Lumen Learning: A Red Hat for OER

Last week I wrote about the many goals I have for the open education movement, and how a Fellowship from the Shuttleworth Foundation is enabling me to spend focused time pursuing them. While I tried to lay out a compelling vision of what I want to accomplish last week, I didn’t discuss the how. Clearly, accomplishing a set of goals of that scope and magnitude requires more energy and productive capacity than any one person could ever muster.

Today I’m happy to announce the launch of Lumen Learning, a new organization I’ve founded together with my long-time friend and collaborator Kim Thanos. Our goal with Lumen is to significantly improve student success by bridging the gap between OER developers and potential OER adopters.
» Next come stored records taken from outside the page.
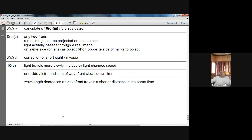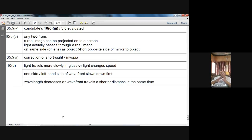One technical point to note: when writing differences, make sure you state the same property for both virtual and real images as a comparison. For example, say 'the virtual image is erect; the real image is inverted,' and 'the virtual image cannot be captured on a screen; the real image can be projected onto a screen.' That way each point clearly contrasts the two types of images.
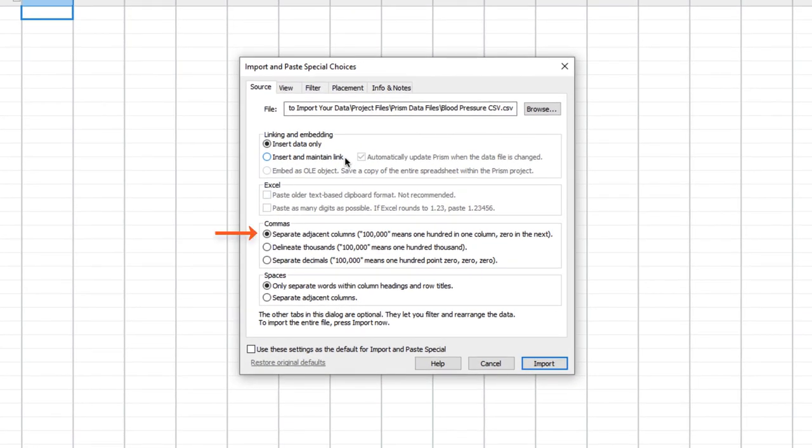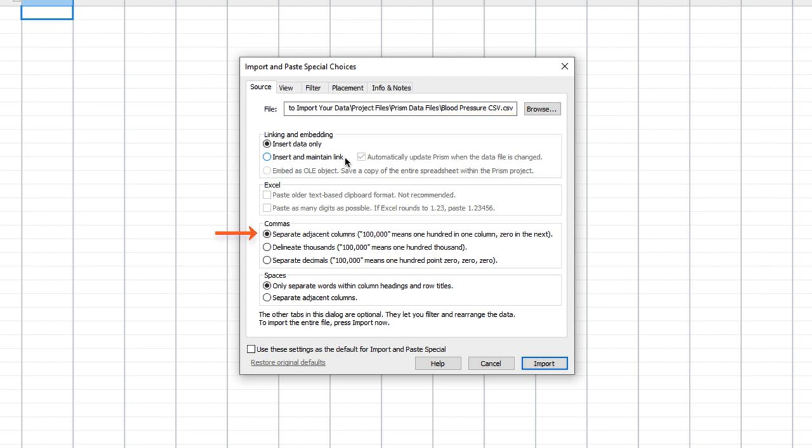For example, if commas are used to separate columns, as a thousands placeholder, which is common in the United States and Great Britain, or as a decimal placeholder, common in most of Europe. In our case, we've chosen to import a CSV, or Comma Separated Values, text file, which, as the name implies, separates its columns with commas. Based on this knowledge, we would select the first option, Commas Separate Adjacent Columns.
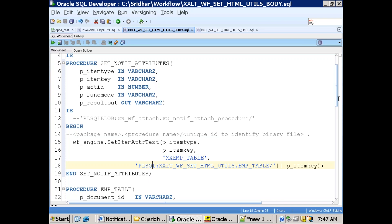So we wrote the logic, we wrote the HTML logic behind that. So we are getting all the data from the EMP table and then we are setting that as HTML content.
Over a decade and $100M US in foundation funding later, an incredible amount of high quality open educational resources exist which are only rarely used in formal settings. The situation today feels very much like it did with open source software about a decade ago. Back around the turn of the century, almost everyone had heard of open source and was interested in potentially saving money and improving the stability and quality of their technology offerings, but very few institutions had either the bravery or the capacity to run systems for which there was no formal training and no technical support. Red Hat stepped into this vast pool of curiosity and caution with training, technical support, and other services that put adopting Linux within the reach of a normal institution. Lumen is trying to do exactly same thing – step into the deep pool of curiosity and caution around OER with the faculty training, academic leadership consulting, technical and pedagogical support, and other services necessary to put adopting OER within reach of a normal institution. In other words, we want to make Lumen into a “Red Hat for OER.”

In the coming days and weeks I’ll write more about what we’re doing. For now, check out lumenlearning.com for an overview of our first group of partner schools, services, etc. More to come…
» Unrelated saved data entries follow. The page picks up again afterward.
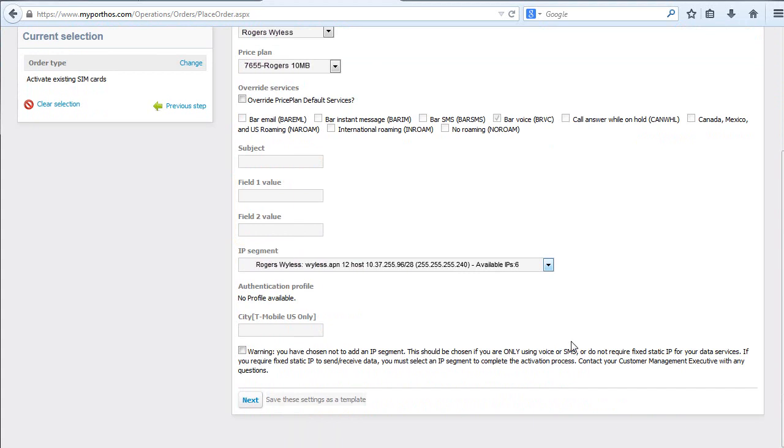Choose your IP segment. You can save these settings as a template for future use. Click Next.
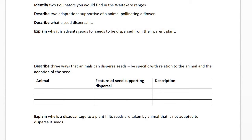Identify two pollinators you would find in the Waiwhetu ranges. Tui is an example; Keruru would be another. You could also include various bee species and insect species. Basically anything that's going to pollinate a flower in that area.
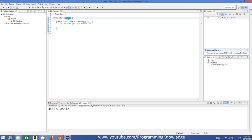Now, every Java program has at least one class and at least one method called main. A method is nothing but a small piece of code which performs some action. I will explain 'public static void' in detail later, but for now just understand that every program will have this main method, and whatever you write inside the curly braces after this main method will be executed.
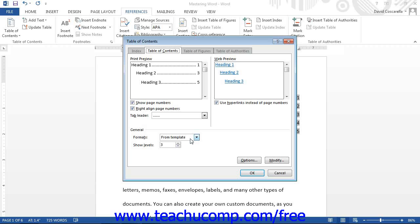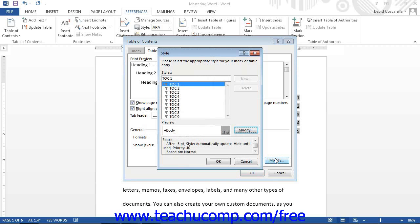To change the appearance of the default type of content styles that are associated with the template, click the modify button to view the style dialog box. In the style dialog box, start by clicking on the name of the table of contents style that you want to modify from the styles list.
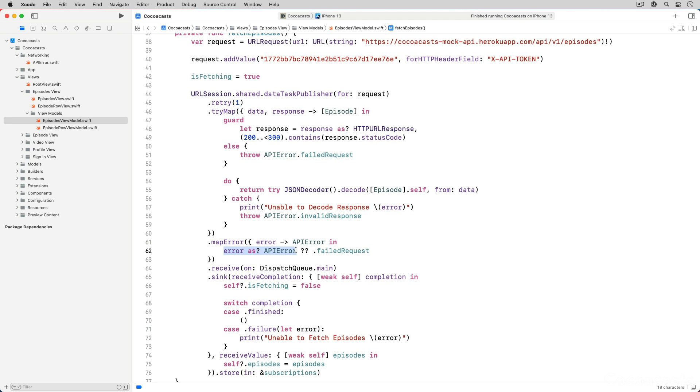Things are different if the data task publisher terminates with an error. The failure type of a data task publisher is URL error. The map error operator catches the error and transforms it to an API error object, a failed request error to be precise.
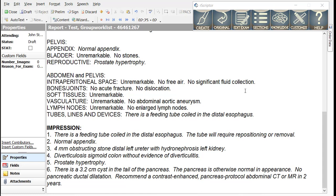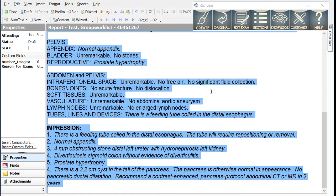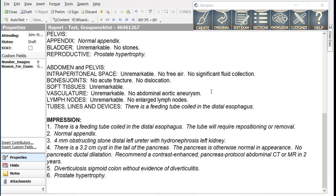If you wish to change the order of the impression, simply change a number in front of an impression item to a new number, push the Create Report button, and the impression will be reordered.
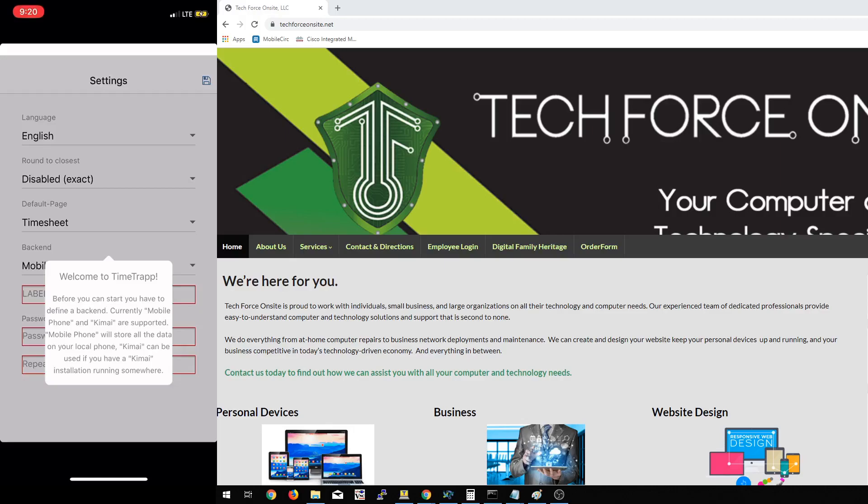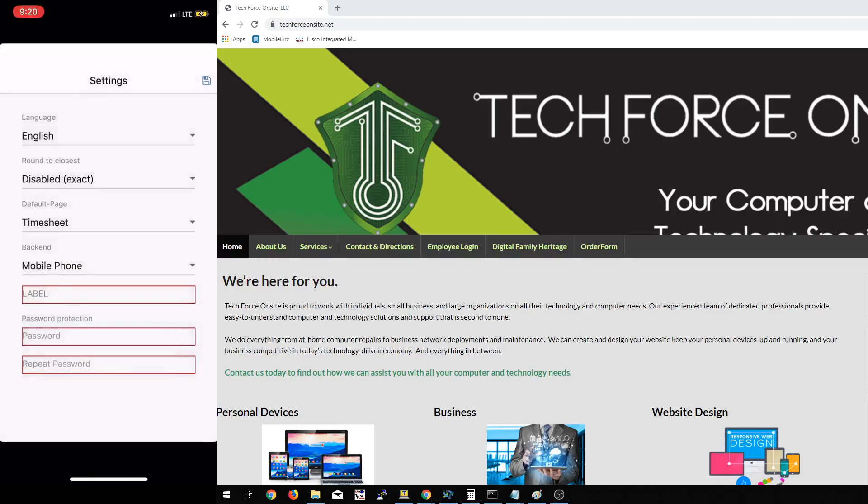It's called Time Trap, T-I-M, T-R-A-P-P, no spaces. The first thing I want you to do is download that from your app store, Android or Apple, install it, and then pick up right here.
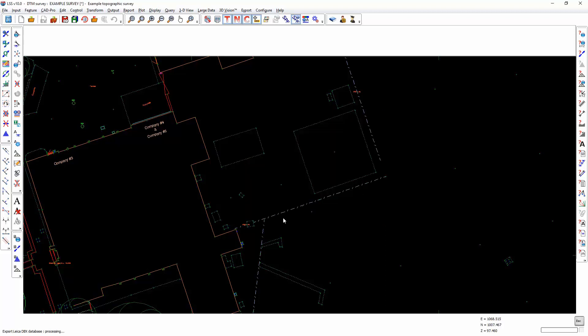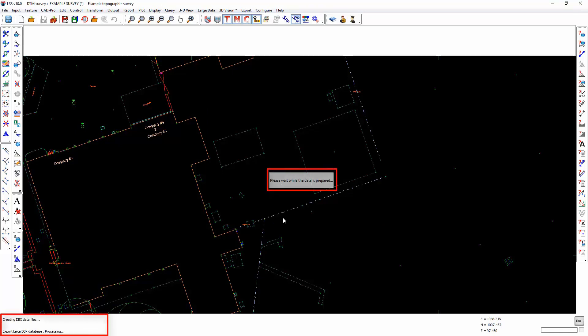The creation of the DBX Database files could take some time, so please don't interrupt the LSS program whilst it's performing this task. The DBX Database files have been completed successfully.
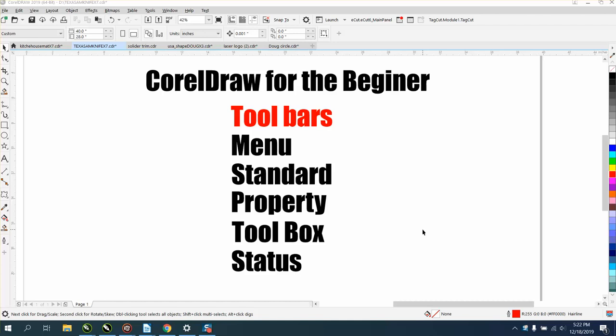So the first part of this series is about your toolbars. There are basically five toolbars. Your top one is right up here, it's called the menu bar.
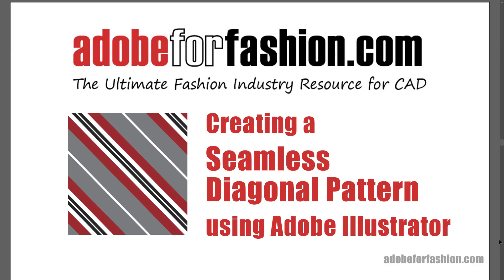Hi, gang. In this video, I'm going to go over how to create a seamless diagonal pattern using Adobe Illustrator. And just a reminder, if you find these videos helpful, please like and subscribe. Alright, let's get to it.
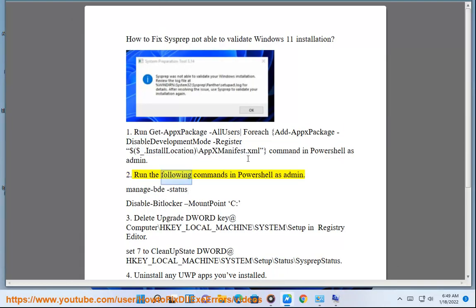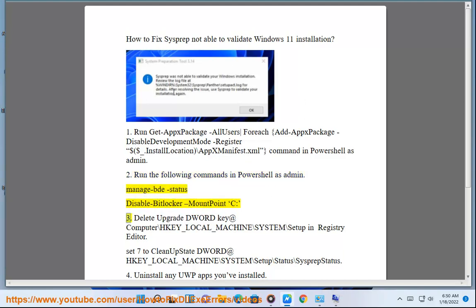Step 2: Run the following commands in PowerShell as admin. Manage-bde -status, Disable-BitLocker -MountPoint "C:"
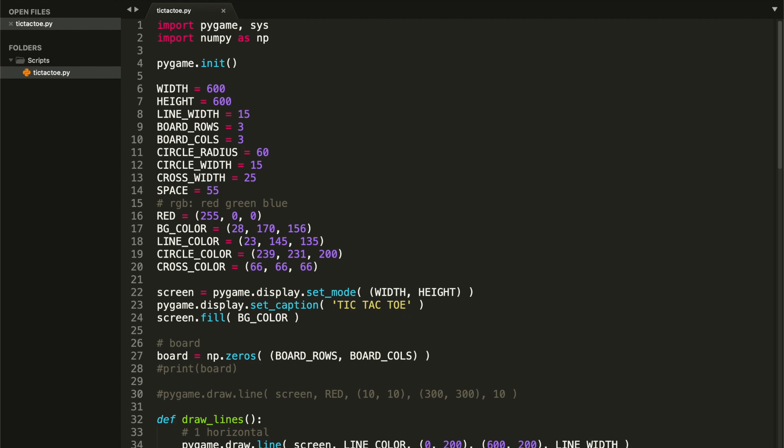Hey guys, welcome to Coding Spot and welcome to part 4 of this tutorial on how to do Google's tic-tac-toe. In the last video we managed to draw our game figures, both circles and crosses — that was the most challenging part in my opinion. In this video we'll be checking if a player wins, drawing the respective winning line, and also implementing a restart function so you can play as many times as you'd like.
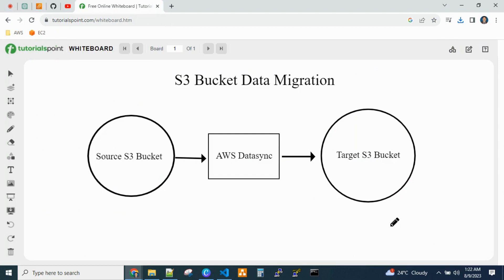Hello everyone, welcome back to the channel. Today's session we will see how to migrate S3 bucket data from a source bucket to a target bucket. It might be within AWS accounts or across different AWS accounts. The target is how we need to migrate large data from a single source bucket to a target bucket.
Where I’ve Been; Where I’m Going

Sometimes it helps to look backwards and figure out where you’ve been to get a clearer picture of where you’re going. As today is the first official day of my Shuttleworth Fellowship, I’ve been taking the opportunity to reflect on where I’ve come from and where I’m going. Upon reflection, it feels like I have some really strong momentum behind my work in open education. But where is that momentum carrying me? How can I leverage it thoughtfully to be more useful? (This thinking fortuitously coincides with a recent article titled Why Open Educational Resources Have Not Noticeably Affected Higher Education to which I have included a paragraph response to below. Spolier alert: we see the world very differently.)

Where I’ve Been

I’ve had the privilege of being part of several interesting events in the open education timeline. (Some of them were even successes!) But as I look through the list, there is a subset of events I can pick out from the others that suggest a fairly specific trajectory. In K-12, that list includes:

  • Launch the first high school committed to using OER exclusively across it’s curriculum in Fall 2009.
  • Launch the Utah Open Textbook Project in 7 classrooms in Fall 2011.
  • Take the Utah Open Textbook Project district-wide in Fall 2012.
  • Take the Utah Open Textbook Project statewide as of Fall 2013.
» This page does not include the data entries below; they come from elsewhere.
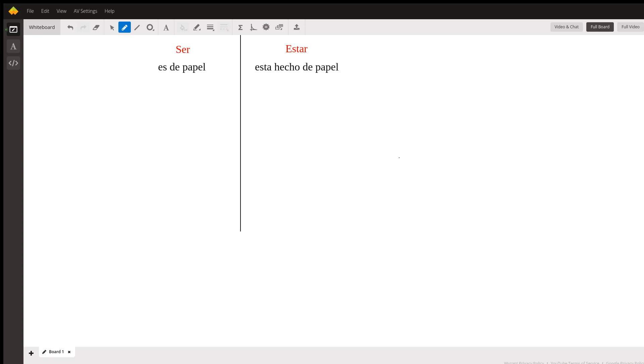So you think 'de papel' is the origin of something that is permanent—shouldn't it always be ser? It should be 'es de papel,' 'es hecho de papel.' Here's why that's not exactly the case: 'es de papel' is right...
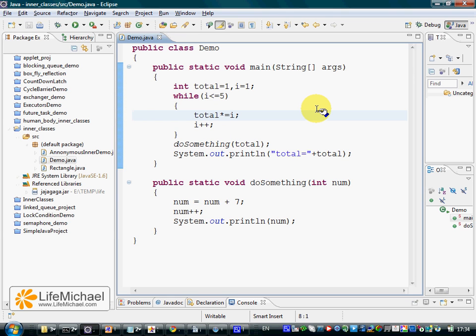In order to start using the debugger, you first need to mark the specific line where you want the execution to stop and the debugger to start working. This is achieved by placing a breakpoint. You point with your mouse at the code line where you want the execution to stop and double click. And here you get a breakpoint.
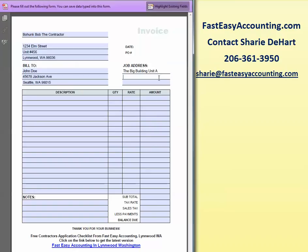The job address is actually located in the big building unit A, and it's on 2456 25th Avenue West. This is also in Seattle.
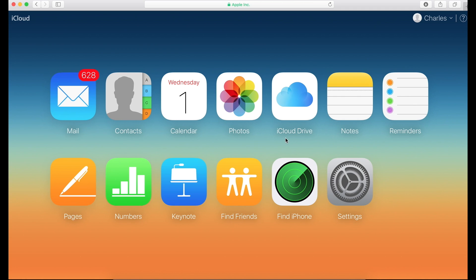So once you log on, you'll already see a couple icons that you're familiar with. And if you click on some of these, you'll see a lot of your files that are on your phone that are also on this site.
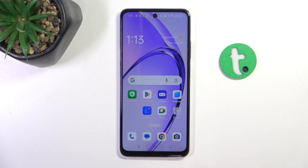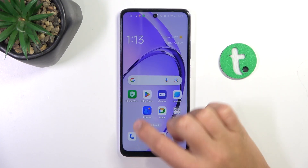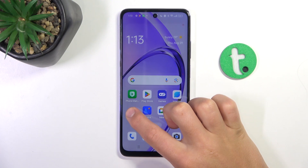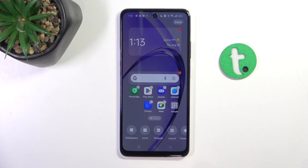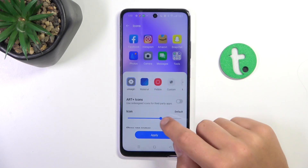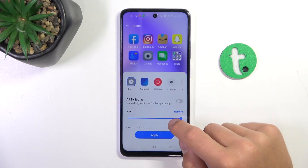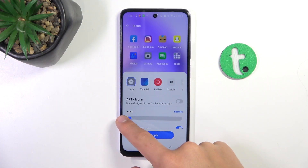Firstly, go onto your home screen and hold it anywhere where there is a free space, so let's say here. Now tap on icons and here you can adjust the icon size.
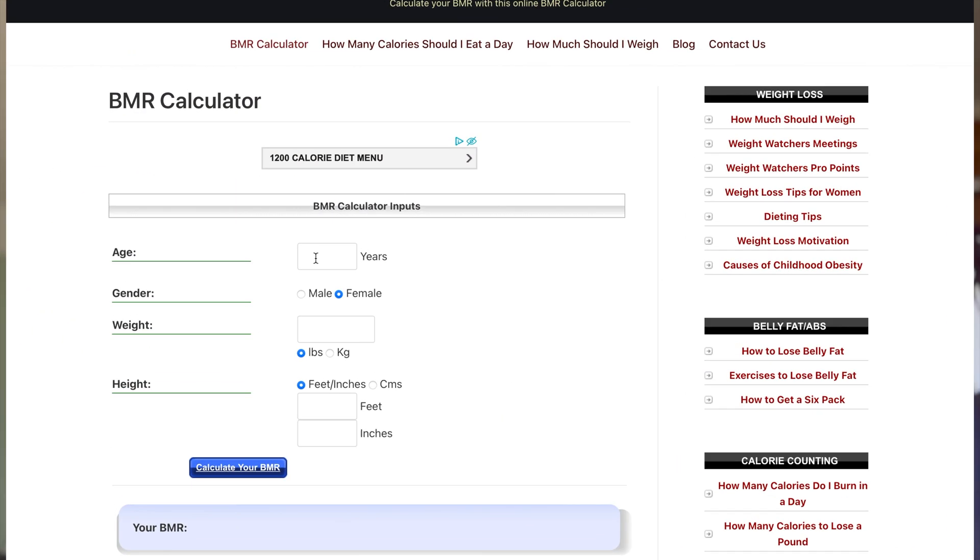For the first section I'm going to jump onto my laptop and share my screen. What I'm going to be doing is visiting a website called BMR Calculator. There are a lot of similar options out there, but if you just type in BMR Calculator, go for one of the first few and input your details as follows.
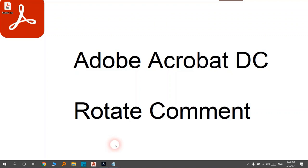Hello my viewers, today I want to teach you how to rotate comments in Adobe Acrobat, especially in DC. About two days ago I wanted to rotate my comments and I noticed that there isn't any icon in Adobe DC to rotate them.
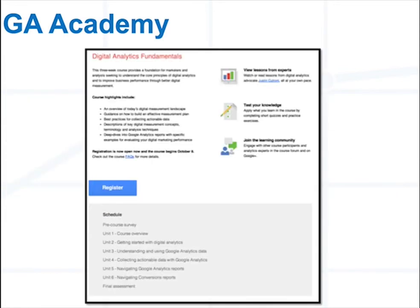There's also a Digital Analytics Fundamentals course that Justin Cutroni has led that you can check out to learn more about Google Analytics features and updates.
Where’s the momentum heading? While the vector may not be immediately obvious, I see it this way: demonstrate the effectiveness of OER in a lab-like charter school setting, then take those success to a few brick and mortar schools, then grow it to a district, then expand it statewide across Utah.

What to do with the momentum? Now that I have practical experience with regard to rolling out open textbooks in secondary school settings (including the state level), and data about the cost savings and learning impacts of doing so, I need to keep pushing here until the number of state offices of education promoting the statewide adoption of open textbooks grows from 1 to 50.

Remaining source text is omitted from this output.